▶ **Instructions for the task**:
Copy word for word the lines of the records below, beginning at the one with "Next, NX-TDF wants" and finishing at the one with "Are there any", ends included, but none of the pictures.

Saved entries
· · ·
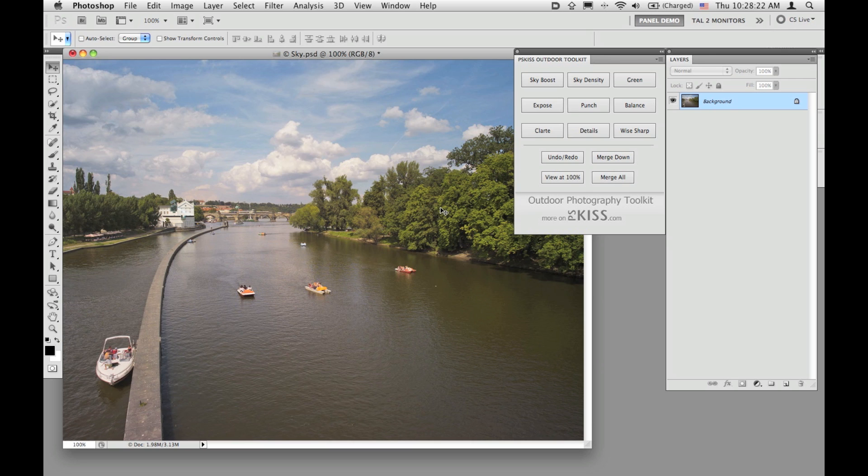Hi there, it's Tal from PSKISS.com and I would like to show you how to use PSKISS outdoor photography toolkit.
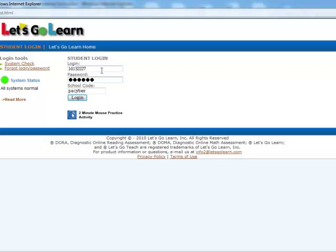After entering your login, your password, and school code, simply click the login icon underneath the school code.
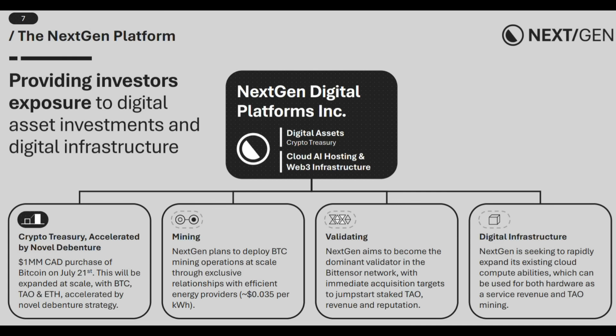Next, NX-TDF wants to go beyond holding assets by contributing directly to the blockchain networks. This includes mining, staking, validating, and providing computing power to the Bitensor network. And that means it will not just benefit passively, but also actively strengthen the ecosystem.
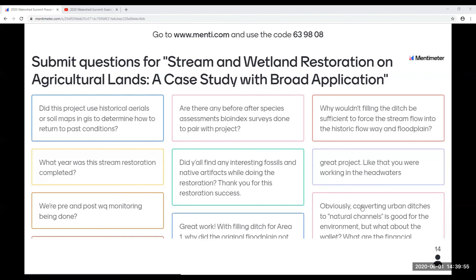Are there any before-and-after species assessments or bio index surveys done to pair with the project? We did habitat assessments, and yes, there are a couple indices we use that we can do pre- and post-construction. Thank you.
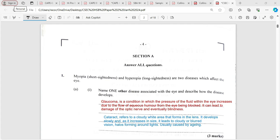Another disease is cataract, which refers to a cloudy white area that forms in the lens, and it is usually visible by looking at the person's eye. It develops slowly, and as it increases in size, it leads to cloudy, blurred vision. You might see a ring around light called a halo, and it is more common among older persons, though younger persons can also be affected. We also reference astigmatism, caused by uneven curvature of the cornea and lens, and old-sightedness.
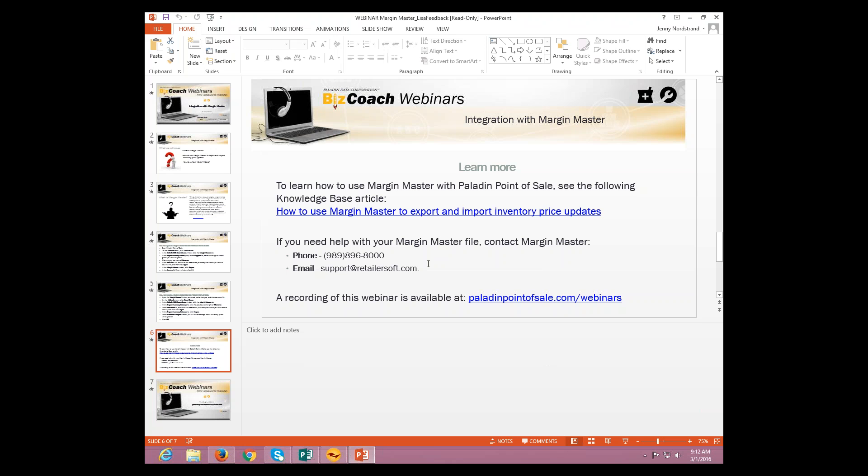Now, Janet, to answer your question, let's take a look and see. It says, why would you want to save the file? Just so everyone is aware, you're going to want to save that file so Margin Master has a file to reference. That file is your data, your margins, your prices, and things like that that you're going to have to import into Margin Master and adjust. Does that answer your question, Janet?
· · ·
▶ **Exercise output**:
Next, NX-TDF wants to go beyond holding assets by contributing directly to the blockchain networks. This includes mining, staking, validating, and providing computing power to the Bitensor network. And that means it will not just benefit passively, but also actively strengthen the ecosystem.
Are there any before-and-after species assessments or bio index surveys done to pair with the project? We did habitat assessments, and yes, there are a couple indices we use that we can do pre- and post-construction. Thank you.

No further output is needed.